**What to do**:
Show each line of the records below where the word "White" occurs.

[Records to process]

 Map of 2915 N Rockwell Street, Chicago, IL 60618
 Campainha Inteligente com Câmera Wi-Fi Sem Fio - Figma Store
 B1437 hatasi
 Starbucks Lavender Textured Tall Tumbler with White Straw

[/Records to process]
[Records to process]

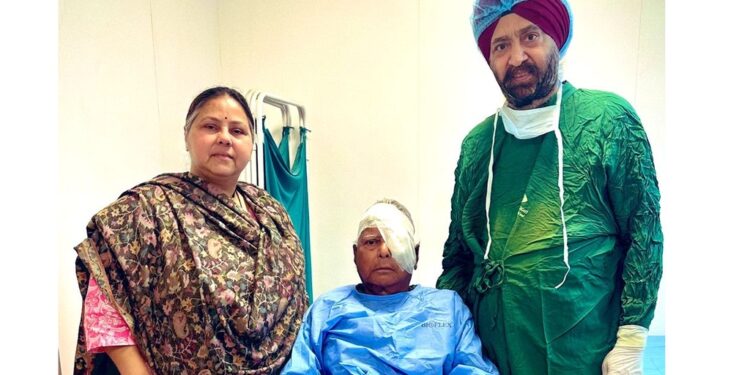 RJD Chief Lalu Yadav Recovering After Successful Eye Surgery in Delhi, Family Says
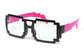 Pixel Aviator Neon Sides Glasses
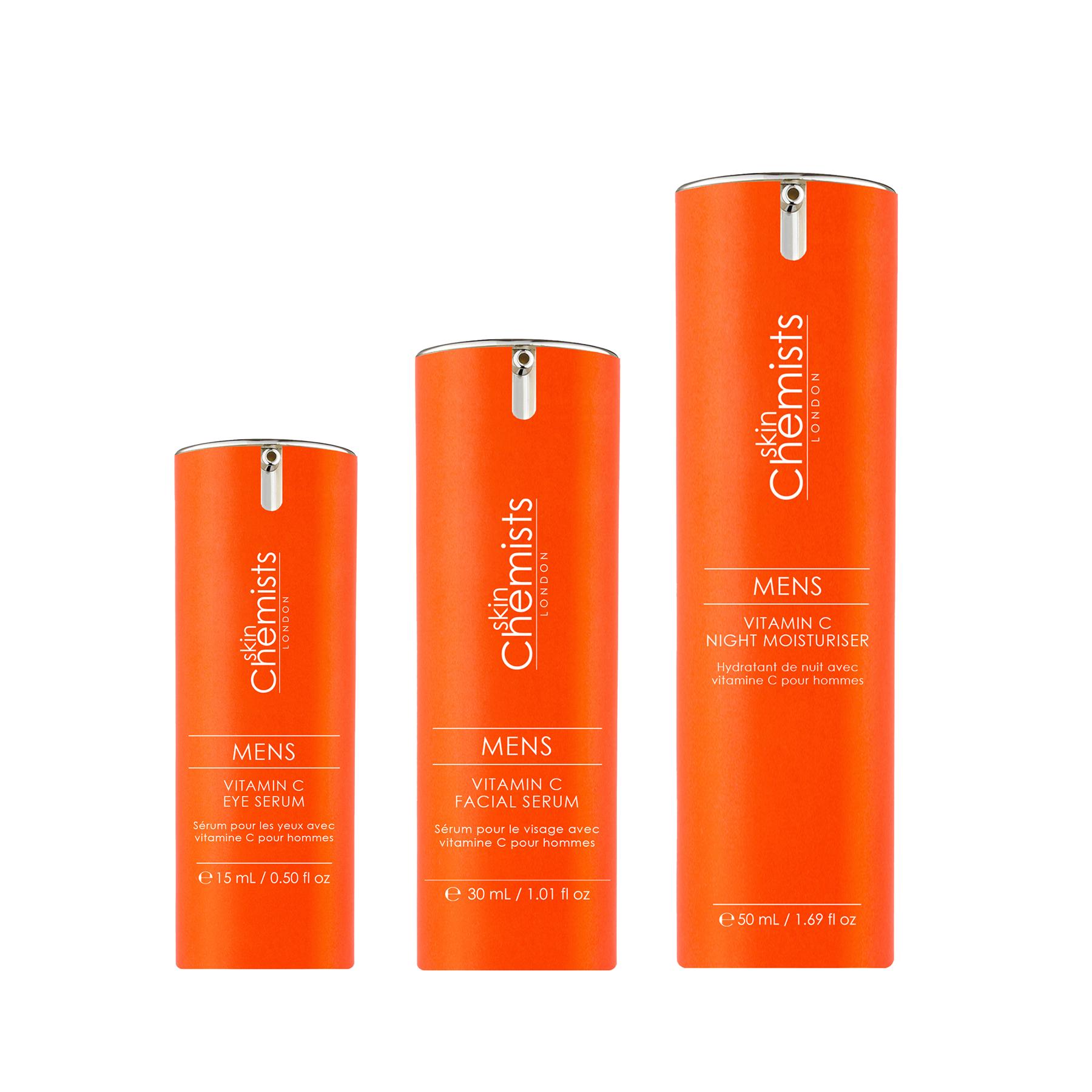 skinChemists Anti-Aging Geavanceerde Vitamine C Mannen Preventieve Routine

[/Records to process]
[Records to process]

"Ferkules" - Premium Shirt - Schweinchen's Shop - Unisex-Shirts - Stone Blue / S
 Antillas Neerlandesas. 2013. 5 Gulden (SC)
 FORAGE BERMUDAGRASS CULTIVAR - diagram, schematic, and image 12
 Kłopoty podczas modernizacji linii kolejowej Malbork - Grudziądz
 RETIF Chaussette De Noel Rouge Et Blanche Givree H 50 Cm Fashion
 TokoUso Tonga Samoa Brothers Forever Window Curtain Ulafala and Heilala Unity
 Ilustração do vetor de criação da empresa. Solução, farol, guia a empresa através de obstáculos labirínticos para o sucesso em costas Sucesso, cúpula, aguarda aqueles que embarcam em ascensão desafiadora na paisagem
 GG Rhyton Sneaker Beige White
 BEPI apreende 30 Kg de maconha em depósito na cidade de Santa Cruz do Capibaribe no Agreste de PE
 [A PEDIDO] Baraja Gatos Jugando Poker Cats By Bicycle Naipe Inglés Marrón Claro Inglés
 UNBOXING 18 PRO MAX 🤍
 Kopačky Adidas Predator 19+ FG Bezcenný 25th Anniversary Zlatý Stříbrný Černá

[/Records to process]

**Finished task**:
 Starbucks Lavender Textured Tall Tumbler with White Straw
 GG Rhyton Sneaker Beige White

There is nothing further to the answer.